If you haven’t read “Ride Canada Part 1 – Seattle to Jasper”, you might want to start there.  Part 1 sets the stage for the entire tour and includes information about what to expect, tips for riding in Canada, and other highlights

Part 2 Highlights

This second leg of the tour goes to the heart of what it’s like to ride in Canada.  Every road is an overwhelming flood of stunning imagery.  The snowcapped Canadian Rockies fill the horizon.  Nearby hills are covered in deep green forests.  Run off from glacial icefields feed rivers and lakes along the way.  With so much to see, riding days are kept deliberately short. 

Elk on side of road
Slow traffic ahead is a good sign that wildlife was spotted foraging on the roadside. Photo © American Sport Touring.

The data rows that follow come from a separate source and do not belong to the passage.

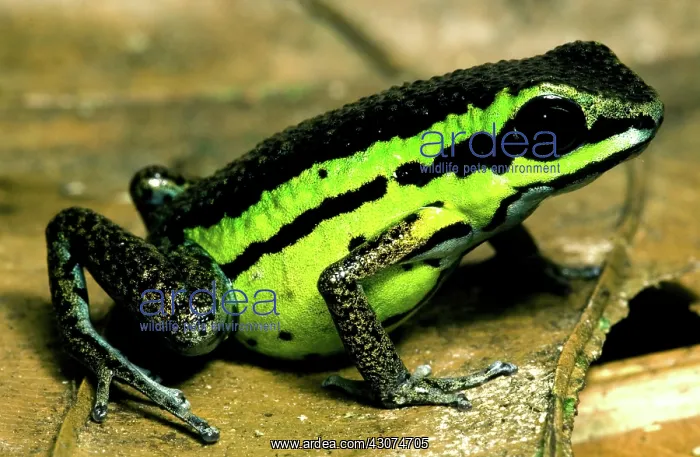 : Poison Frog : Poison Frog
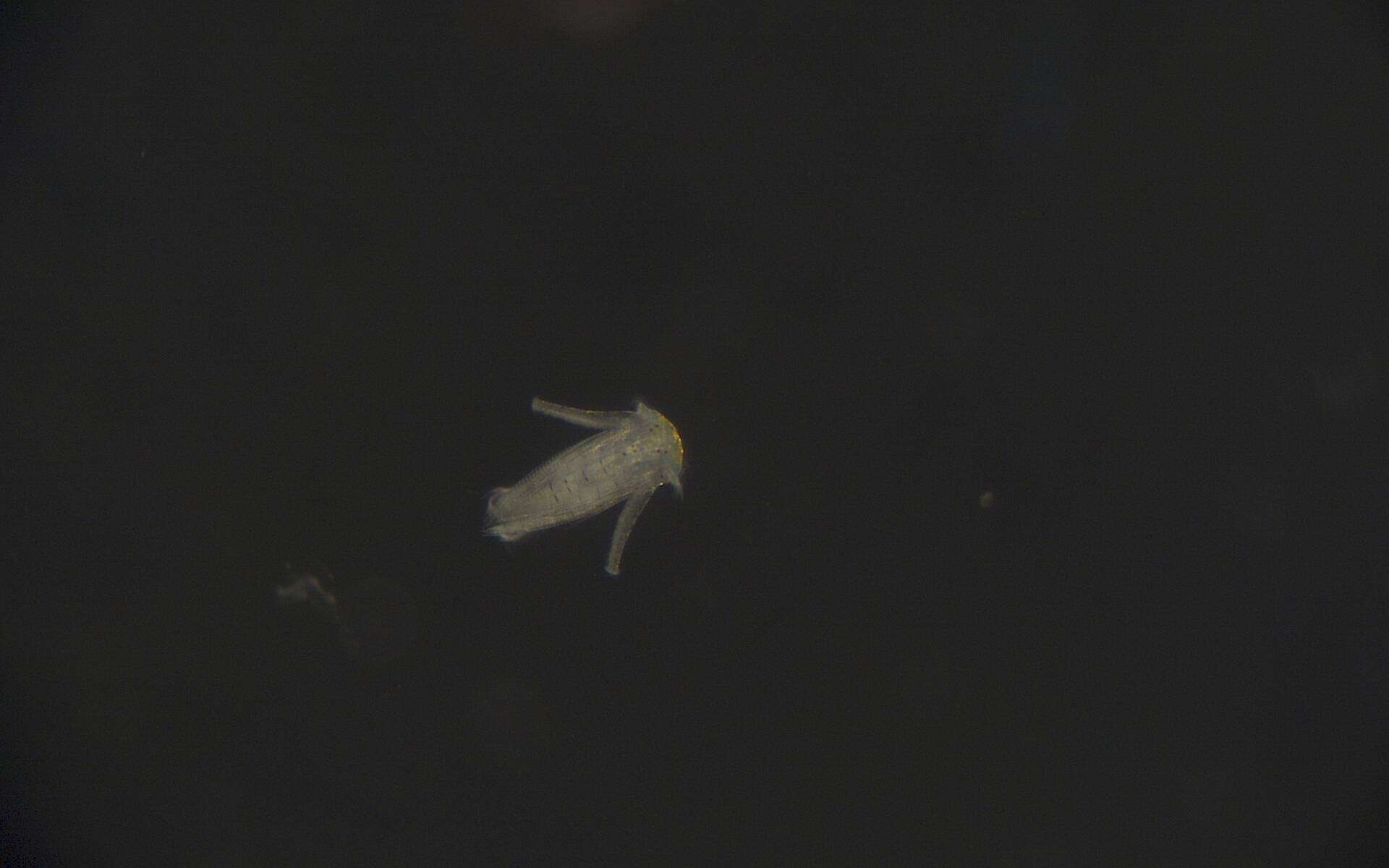 Image of Sabellariidae
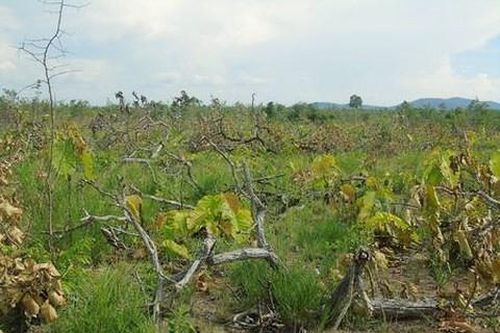 Khởi tố thanh niên xưng phóng viên tham gia phá rừng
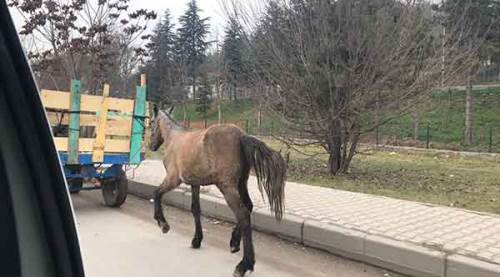 Eskişehir'de şaşırtan görüntü!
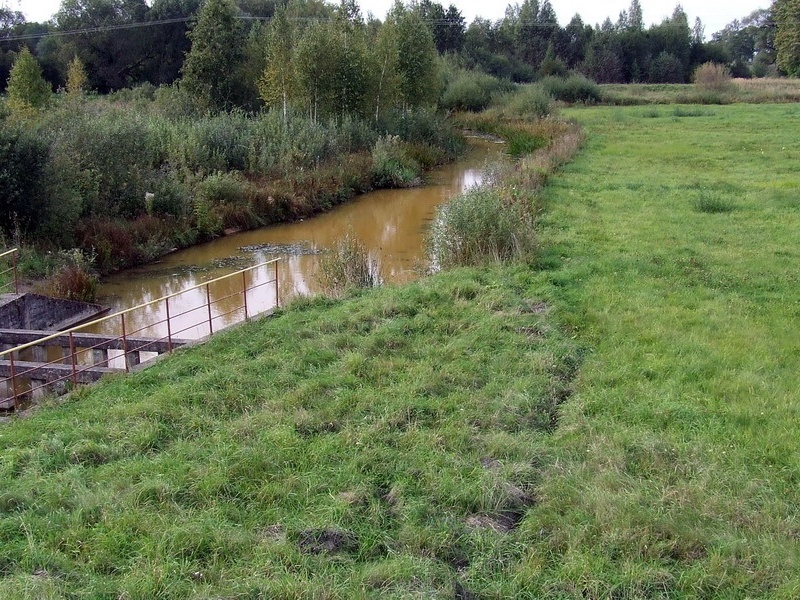 Rovėja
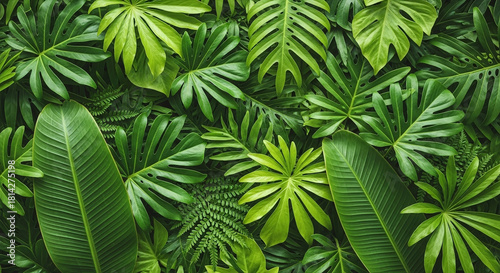 Lush green tropical foliage background.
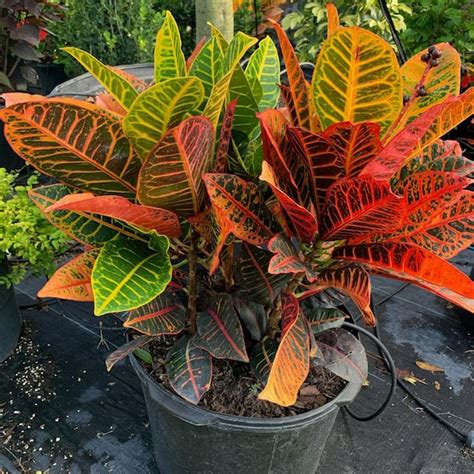 OnlinePlantCenter Petra Croton Plant in 10 in. Grower Pot CR020G3 - The ...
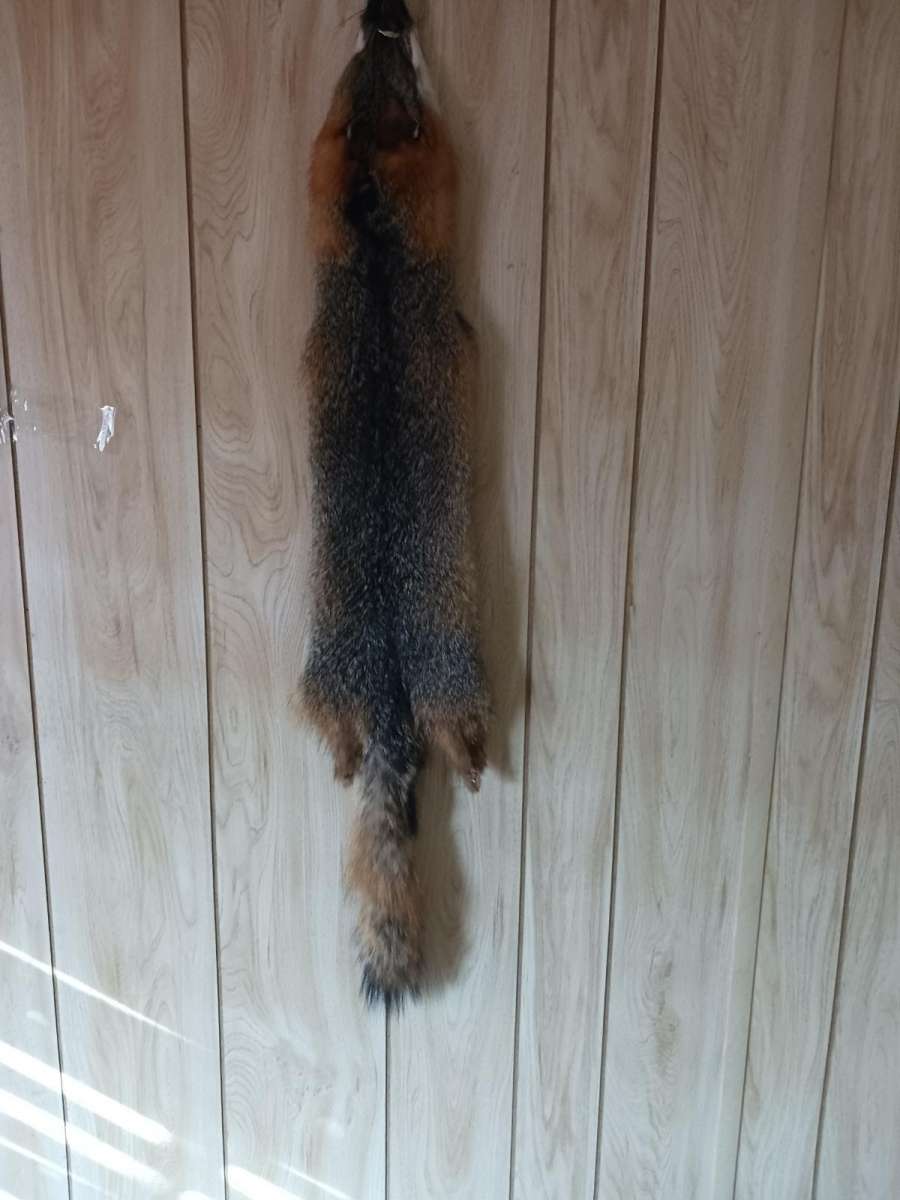 fox furs badger furs skunk fur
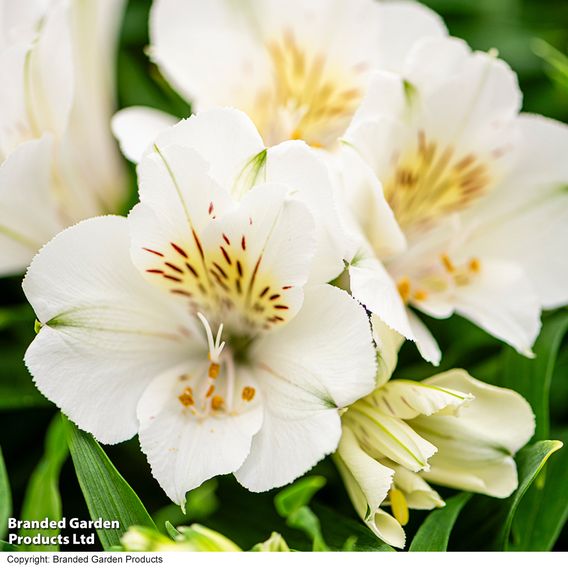 Alstroemeria Inticancha Sunburst'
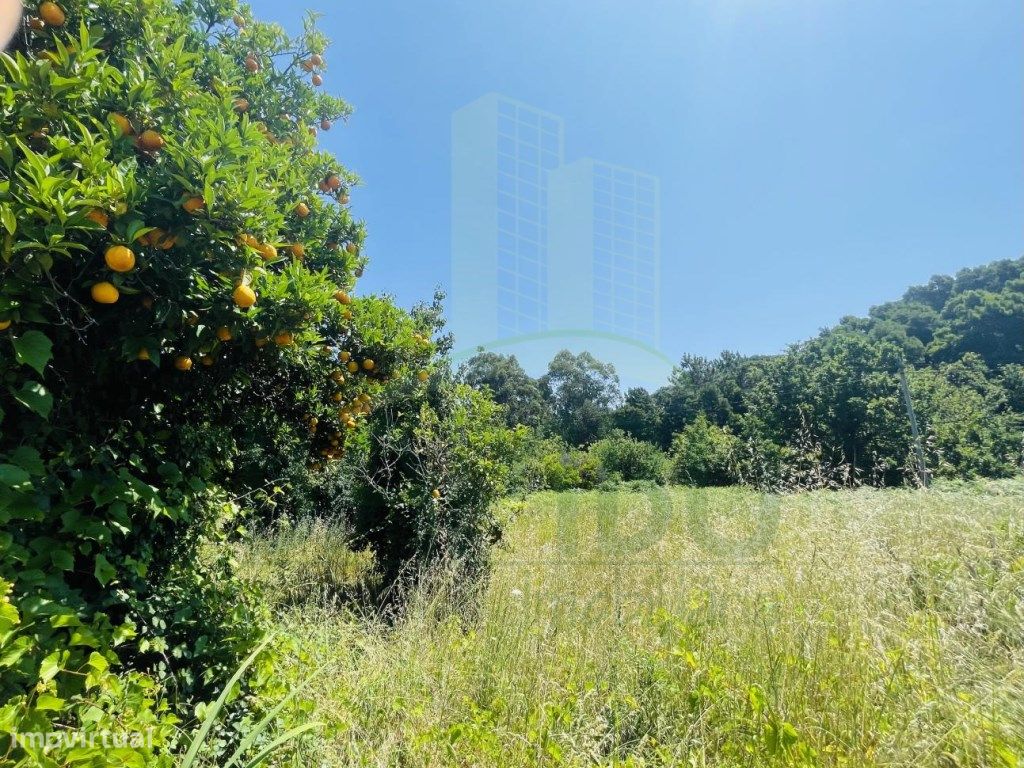 Grundstück in Caminha, Portugal 723m², Nr. 50657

Here are a few of highlights to watch for…

  • Make a stop along the Icefields Parkway at the Columbia Icefield Discovery Center for a warm drink and to learn more about the largest icefields in the Rocky Mountains.
  • If poor weather prevented a visit on the first part of this tour, consider a stop at the Jasper Skytram on Whistlers Road less than two miles from Jasper.  A guide points out landmarks as the Skytram ascends to an elevation of over 8000 feet giving visitors a magnificent view of the surrounding mountains.
  • Visit Yoho National Park; the visitor center is just off Trans-Canada Highway 1 a short distance from the Icefields Parkway.  Several short hikes are just right to get a sense of the area.  For a riding challenge, try Yoho Valley Road.  It’s an adequately paved backroad with a string of exceptionally tight hairpin turns.  The mountain and territorial views are worth the undertaking.  Check the Yoho National Park website for other vista points and easy hikes (,
  • Stop at Lake Louise Village, the highest permanent settlement in all of Canada.  Then ride up another 630 feet to take in the splendor of Lake Louise itself.  Here are a few Things to know about Lake Louise.
  • Make the most of Banff, a picturesque town high in Canada’s Banff National Park tucked in among the Canadian Rocky Mountains.  There are enough shops and restaurants here to keep window shopping for hours.
  • And finally, catch a glimpse of the Alberta prairies that extend eastward from the Rocky Mountains before rolling into Waterton Lakes National Park and past the historic Prince of Wales Hotel.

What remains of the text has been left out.